PUBLISHED ON MAY 7, 2019 — CONFERENCE

I listened to Des Traynor’s speech Marketing in a world of subscription services at the 2019 Nordic Business Forum in Stockholm. He shared that a successful customer onboarding is key to acquiring customers, and that the Net Dollar Retention measure is one of the most useful to understand how the subscription business works for a company.

These are notes taken during the speech with only very light editing, do expect some mistakes and grammatical errors.

Des Traynor's illustration on what to address towards successful onboarding of customers

You can get anything as a subscription. Someone somewhere can supply it to you.

Two words: Per month

For subscription providers: Subscriptions provide a means to lock in the customer and make revenue predictable. From a complex and involved sales process, to a transactional one. Dip you toe in and try! The new role of the vendor becomes one of customer success.

From the old ways

Old ways and what we learned: Attract. Split A/B testing. Simple language. Bug buttons. Visible buttons. Etc.

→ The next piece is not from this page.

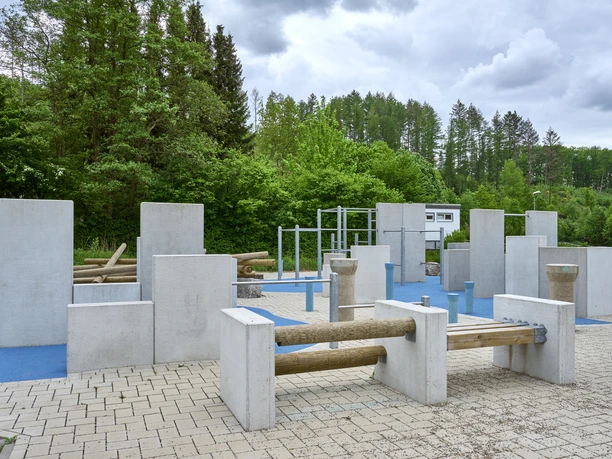 Bewegungspark Netphen Bewegungspark Netphen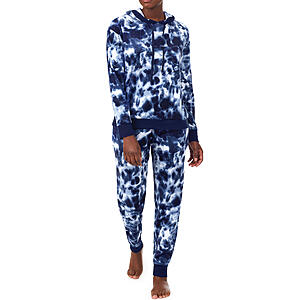 Sam's club cuddl duds pajamas 2025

There are dozens of ways to get 10, 100, 1000 customers. Keeping customers and preventing churn is key. Focus on retention! not only over the line, but keeping them over the threshold of purchase.

Yo vs Slack. To 1.000.000 customers after 4 days. Slack 1.000.000 customers after 16 months. Yo is bust. You need to keep customers.

The new ways

Net dollar retention. If I sign up a lot of customers, how much of the collective revenue to I have after one year? 1% expansion vs 1% decrease makes the difference. Does your business grow by default, or shrink by default? You need to keep the customers, you can’t burn through your potential customers.

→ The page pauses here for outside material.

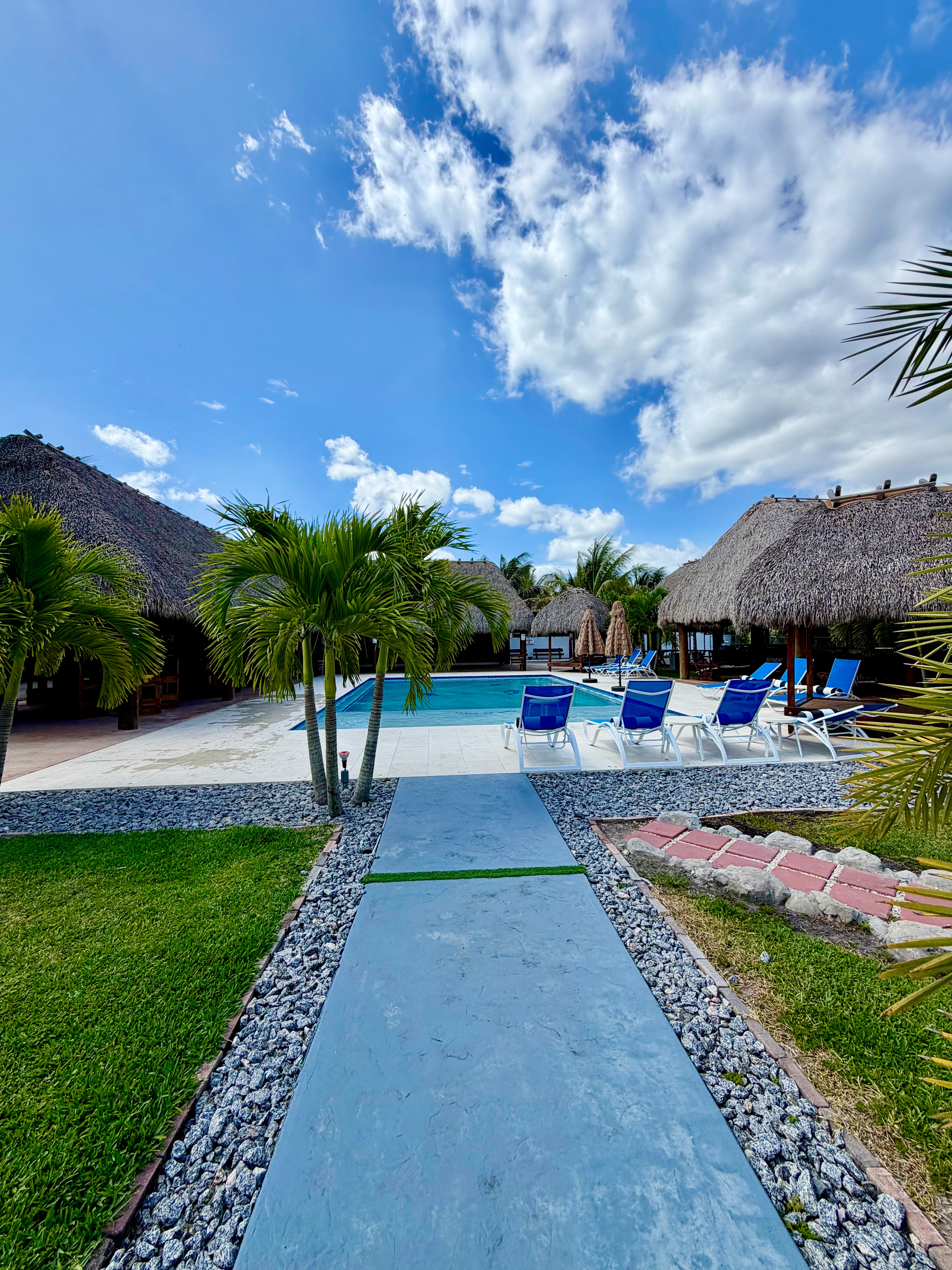 Finca Los Cocos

You need a high Net Dollar Retention, to get the right dynamic. Not only keeping customers, but increasing their value. LTV/CAC - Lifetime value of customer > Customer Acquisition Cost. You need to make sure the entire funnel works, no churn along the way - successful o boarding is the new customer experience.

From unboxing of physical products to the digital experience of the provider to care about you all the way. Help the customer make the best use of your product. Obsess about walking you through the product. If you login and have a shot experience, you are gone!

Four tactics for making a great onboarding experience.

Interview customers

Learn what is not working. Why is it not working? What can we change to make it better from a customer perspective.

Decide who you can onboard

Three keywords: need/desire/capability. The intersection is the one to onboard.

All three: Need it. Want it. Can do it.

The Four forces

Understand why customers switch to your product. And address them. Maximize the green

  • Design specific onboarding for each customer type
  • Design to their intents and behavior
  • Measure success. Is their success increasing? How do we measure success?
  • Ensure that marketing and product work in parallel

Make the onboarding a great experience

The product and the marketing MUST match! Sell the product you have, and provide what you sell.